2485379Jinrikisha Days in Japan — Chapter 17Eliza Ruhamah Scidmore

CHAPTER XVII

THE ASCENT OF FUJIYAMA

It was in the third week of July that we made our long-talked-of ascent of Fujiyama. There were nine of us, all told, four stalwart men, three valiant women, and two incomparable Japanese boys, or valets. For forty miles we steamed down the old line of the Tokaido, drawing nearer to the sea in its deep indentation of Odawara Bay, and to the blue bar of the Hakone range that fronts the ocean. At Kodzu we took wagonettes and rattled over the plain and up a valley along the Tokaido, children being snatched from under the heels of the horses, and coolies, with poles and baskets over their shoulders, getting entangled with the wheels all the way. A Japanese driver is a most reckless Jehu, and the change to jinrikishas, after the wild ten-mile charge up the valley, was beatific. Ascending a narrow canon, and rounding curve after curve, we saw at last the many lights of Miyanoshita twinkling against the sky.
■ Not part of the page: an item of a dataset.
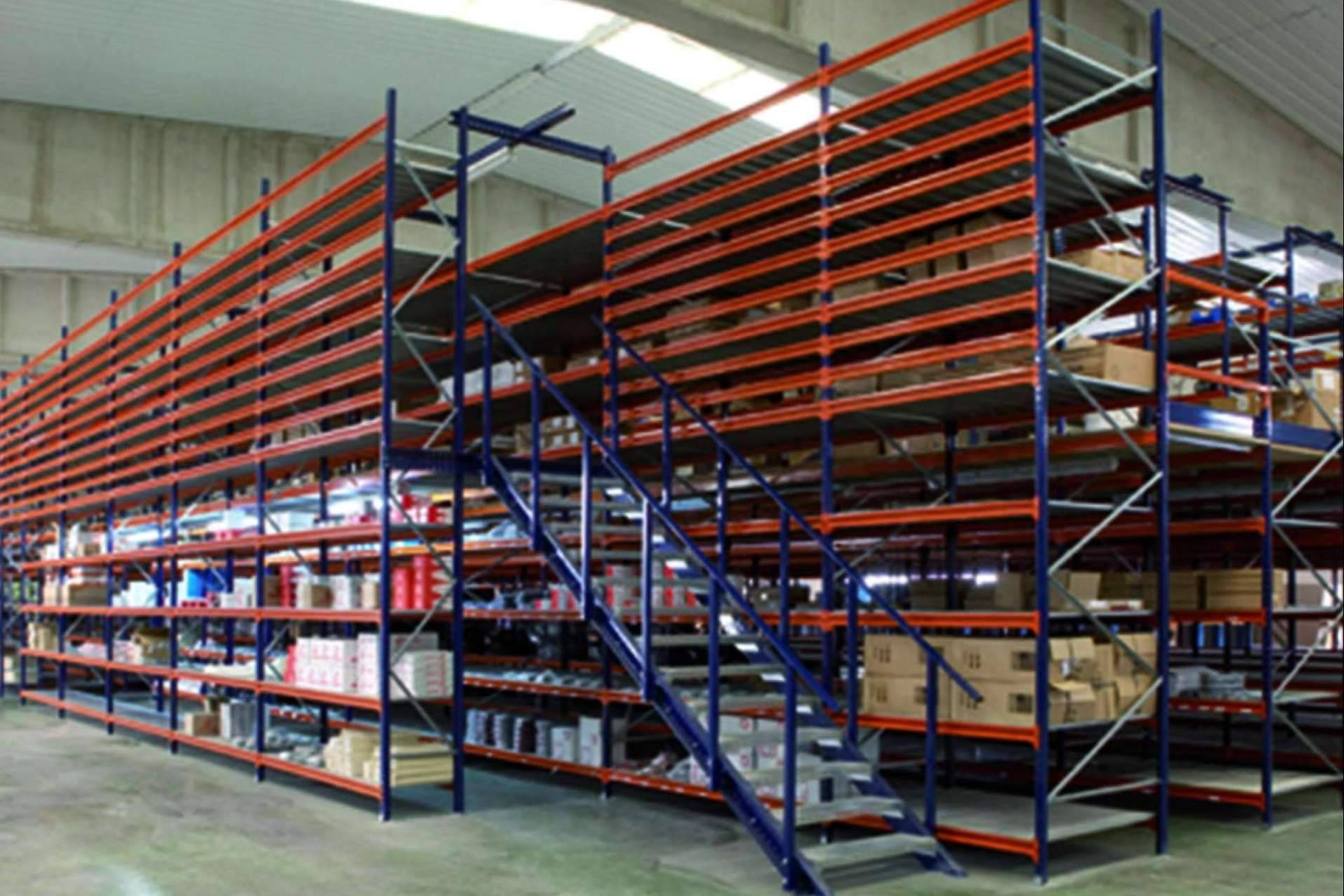 Estanterías Logisprix para almacenes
Miyanoshita, the great summer resort, is the delight alike of Japanese and foreigner. It has excellent hotels kept in western fashion, clear mountain air, mineral springs and beautiful scenery, and it is the very centre of a most interesting region. All the year round its hotels are well patronized, the midwinter climate being a specific for the malarial poison of the ports of southern China. Famous, too, is the wooden-ware of Miyanoshita, where every house is a shop for the sale of Japanese games, household utensils, toys and trifles, all made of the beautifully-grained native woods, polished on a wheel with vegetable wax. Exquisite mosaics of a hundred broken patterns amaze one with their nicety of finish and cheapness, and no one escapes from the village without buying.
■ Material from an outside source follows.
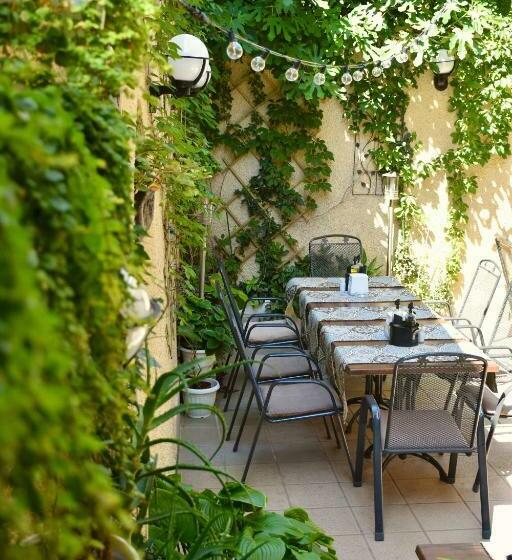 Family Hotel Apolonia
Guides and coolies had been engaged for us at Miyanoshita, and at six o’clock, on the morning after our arrival, the three kagos of the ladies were carried out, and the four cavaliers, the two boys, and six baggage coolies followed. The broad path zigzagged upward to the narrow, knife-edge ride of the mountain range known as the O Tomi Toge pass. From its summit we looked back along the checkered green valley to Miyanoshita and Hakone Lake, with the Emperor's island palace. Looking forward across a checkered plain, we saw Fujiyama rise straight before us, its obstinate head still hidden in clouds. Dropping quickly to the level of the plain, we reached Gotemba, and, changing to jinrikishas, were whirled away to Subashiri, six miles distant.
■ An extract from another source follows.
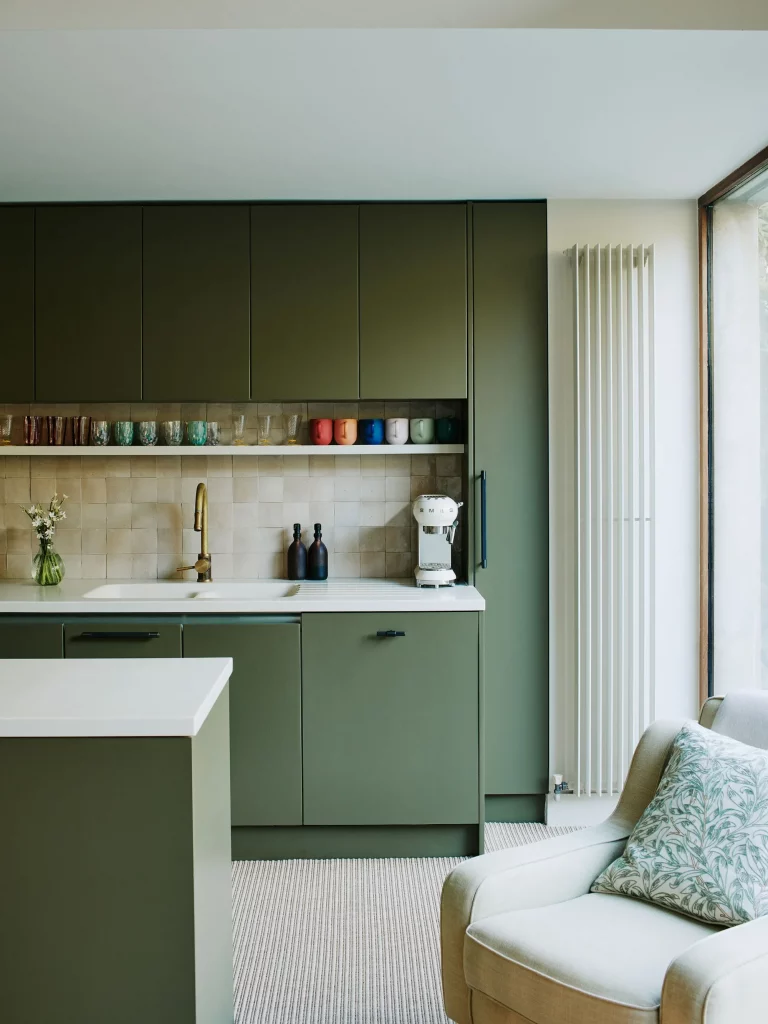 39 Stylish Modern Kitchen Ideas with Decorative Open Shelving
Trains of descending pilgrims and farmers, perched high on the backs of pack-horses, smiled cheerfully at the procession of foreigners bound for Fuji, and at each rest-house on the way women and children, petrified with astonishment, stood staring at us. Black cinders and blocks of lava announced the nearness of the volcano, and the road became an inky trail of coal-dust through green fields. Banks of scoriæ, like the heaps of coal-dust around collieries, cropped out by the road-side, and the wheels ground noisily through the loose, coarse slag. The whole of Subashiri, crowding the picturesque street of a typical Japanese village, welcomed us. In the stream of running water, on either side of the broad highway danced, whirled, and spouted a legion of mechanical toys, some for the children's pleasure, and others turning the fly-brushes hung over counters of cakes and sweetmeats. The place looks in perpetual fete, with the hundreds of pilgrim flags and towels fluttering from each tea-house, and at the end of the street is a torii, leading to an ancient temple in a grove, where all Fuji pilgrims pray before beginning the ascent of the mountain. In the light of the afternoon, the double row of thatched houses and the street full of bareheaded villagers looked like a well-painted stage scene. Meanwhile the sun sank, and in the last crimson glow of its fading the clouds rolled away, and Fuji’s stately cone stood over us, its dark slopes turning to rose and violet in the changing light.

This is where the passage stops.